While his business made him into a millionaire, Mr. Payne was far from being an elusive owner sitting in an office.
He remained an on-site presence and hands-on-owner, and often pitched in to help his workers when a store got busy. He told The Sun Magazine that his favorite job was operating the fryolator and pulling up baskets of french fries.
Arnold Williams was a longtime friend, as well as Mr. Payne's accountant and business consultant.
"He was always very business-astute and was always an educator," said Mr. Williams. "He had very sound principles and was a very ethical gentleman. He was a leader and always willing to mentor someone so they could get to the next level."
Mr. Payne owned and operated a second business, Baltimore Specialty Tours, that offered boat and limousine services.
He retired in 1999.
Mr.
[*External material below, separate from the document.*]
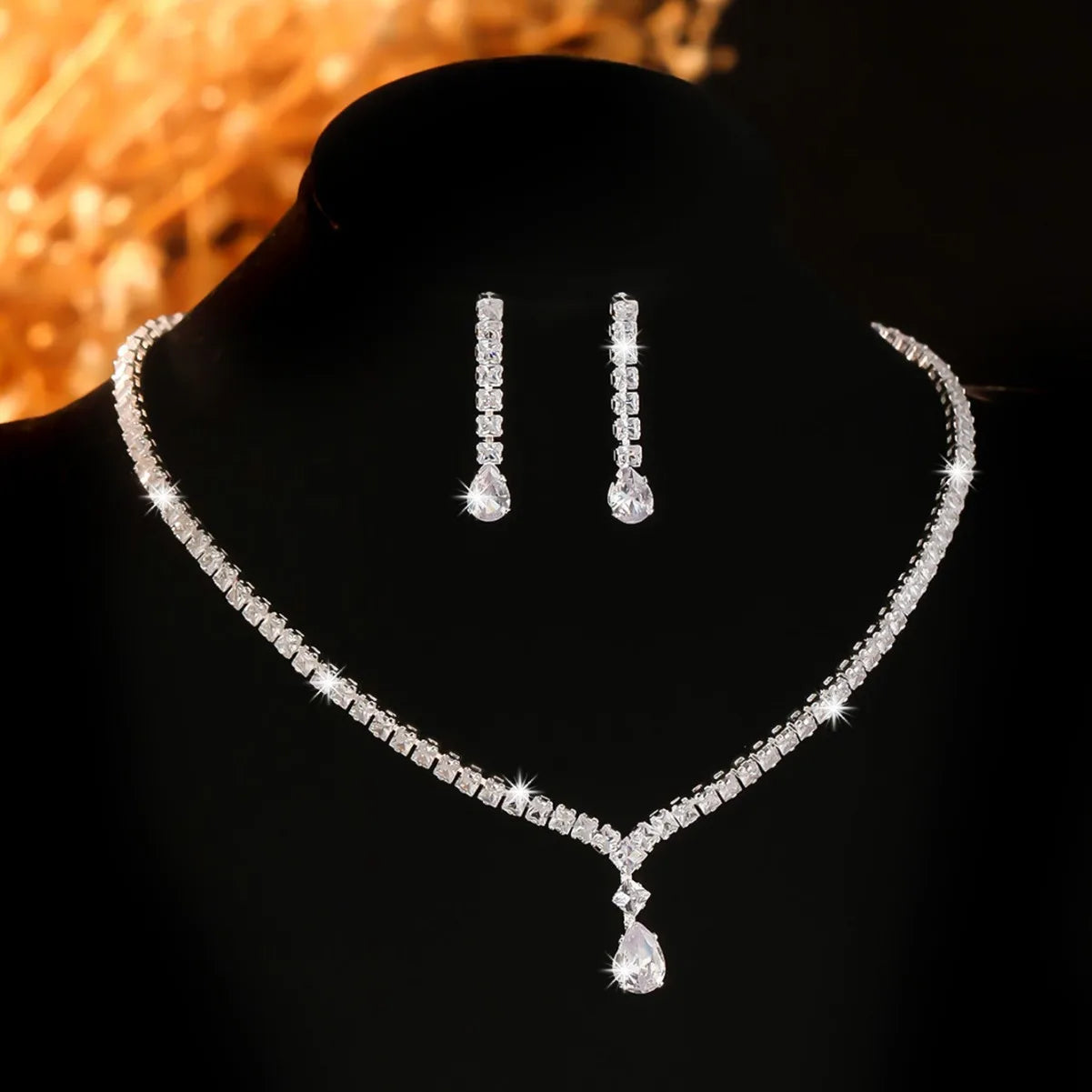 Cross-Border Jewelry, Women'S Fashion Water Drop Crystal Zircon Necklace Earrings Set, Bride Wedding Dress Accessories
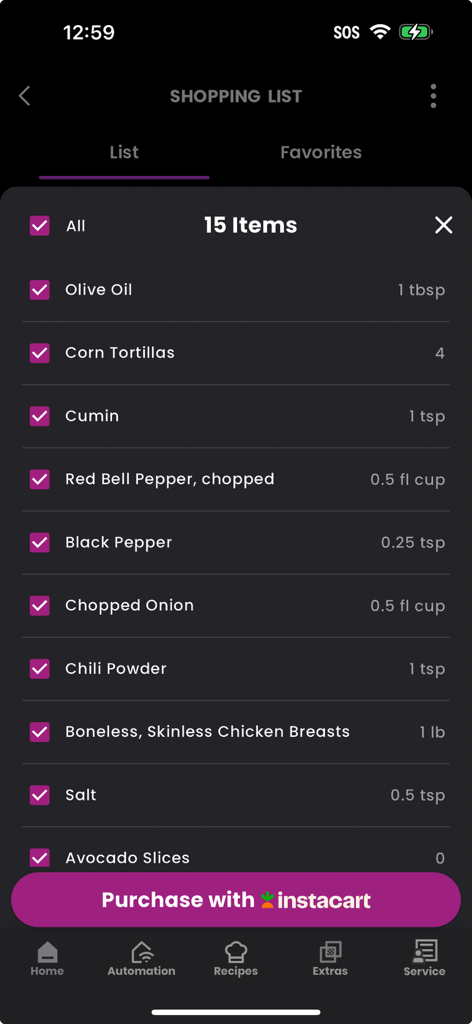 SmartHQ app shopping list interface with Instacart integration for grocery delivery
Payne, a former Baltimore resident who later moved to Columbia, was the founding chairman of Associated Black Charities and a founding member of the President's Roundtable, which is made up of African-American business leaders, and was a founding director of Columbia Bank, now Fulton Financial.
He is featured in the Great Blacks in Wax Museum in Baltimore.
He was a communicant for 35 years of St. John's Episcopal Church, where he had been a member of its vestry, and was the first African-American to serve as senior warden.
Plans for a memorial service to be held at his church were incomplete Thursday.
Surviving are his wife of 51 years, the former Famebridge Cunningham; two daughters, Sarita Payne of Columbia and Famebridge S. Witherspoon of Lawrence, Mass.; two grandchildren; and two great-grandchildren. An earlier marriage to the former Sylvia Coles ended in divorce.